Exercise instructions: For this exercise, retype the lines from the one that holds "Bursa’da ölü bulunan" through the one that holds "Ankara’da otomobil ile kamyon çarpıştı" in the records below, both included, exactly and without pictures.

Extracted material:
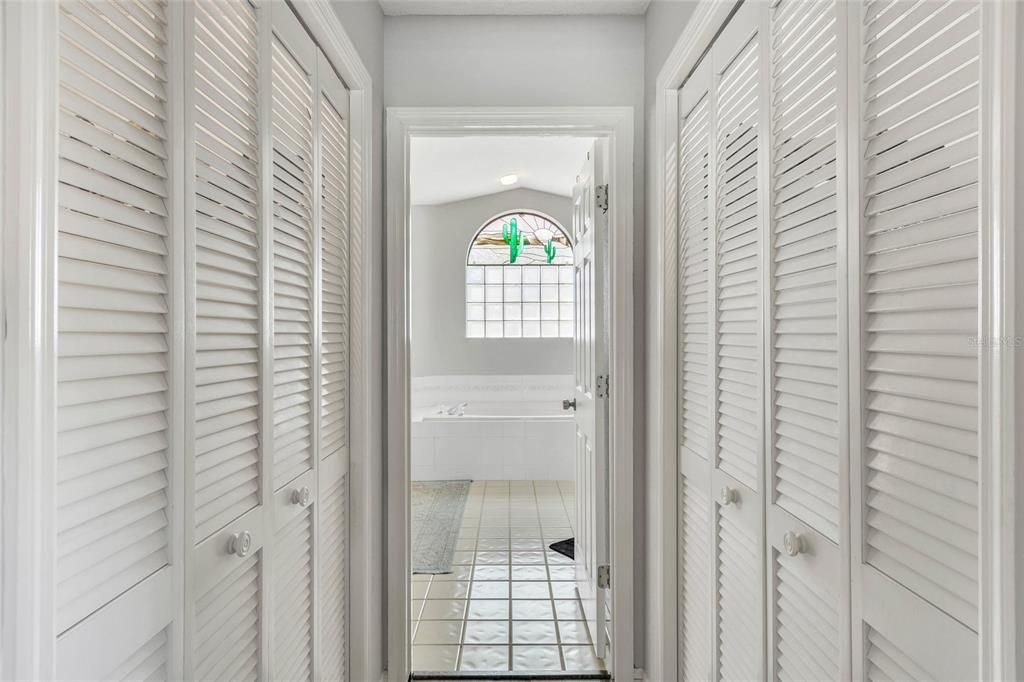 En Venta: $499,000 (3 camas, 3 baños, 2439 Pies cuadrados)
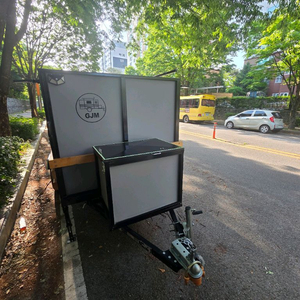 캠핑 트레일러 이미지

--

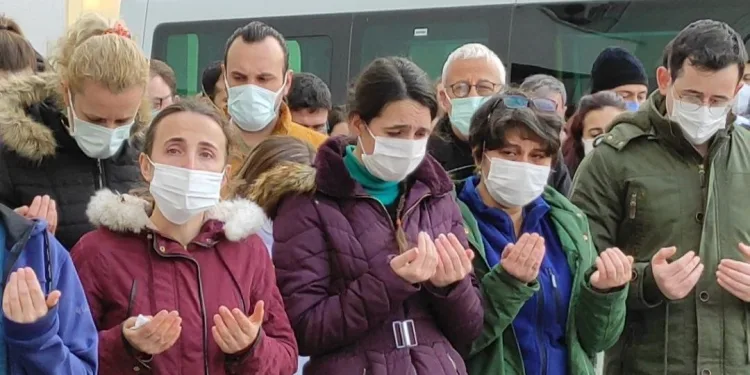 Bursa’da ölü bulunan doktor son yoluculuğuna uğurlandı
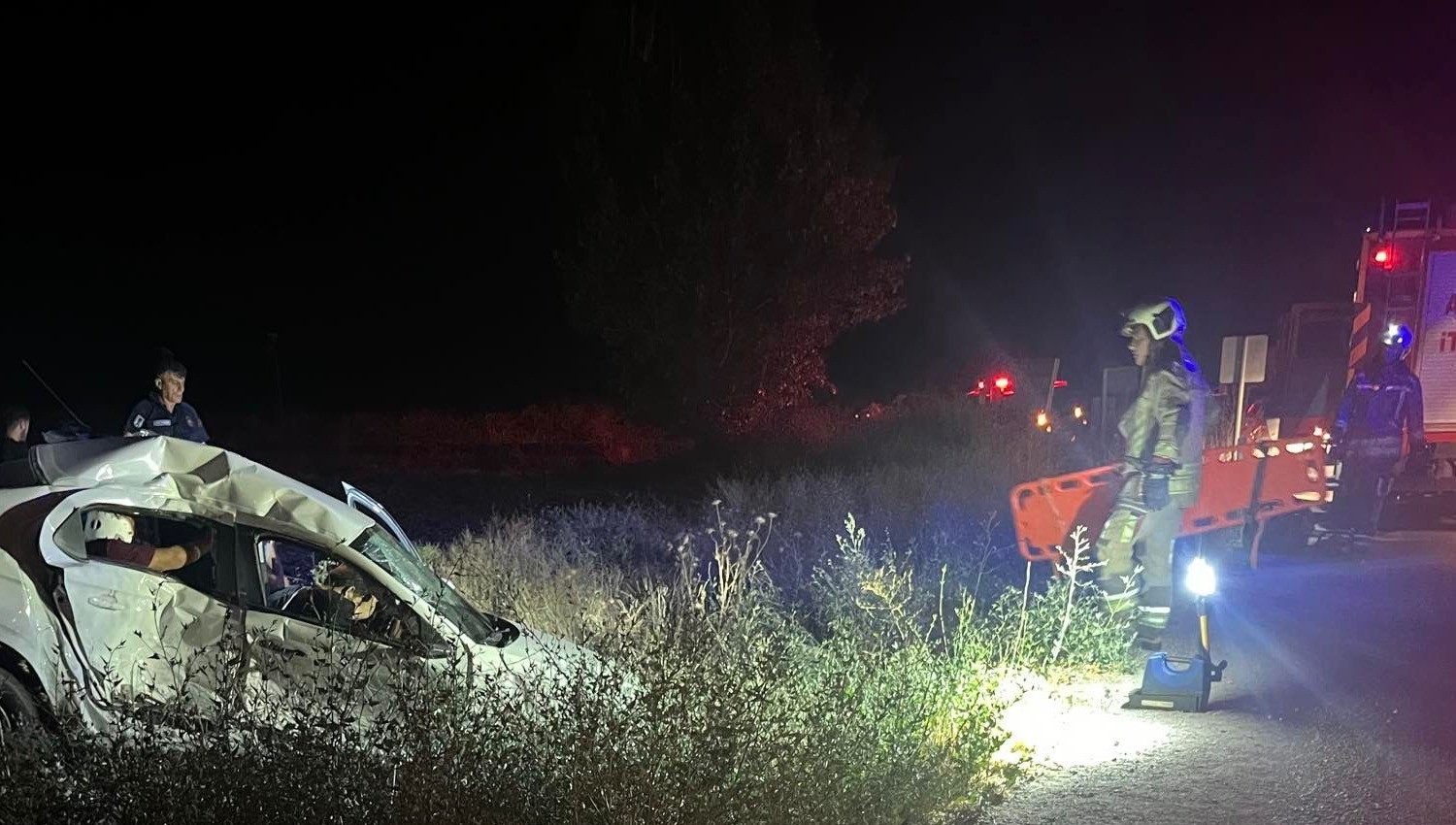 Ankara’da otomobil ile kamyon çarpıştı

Completed task:
 Bursa’da ölü bulunan doktor son yoluculuğuna uğurlandı
 Ankara’da otomobil ile kamyon çarpıştı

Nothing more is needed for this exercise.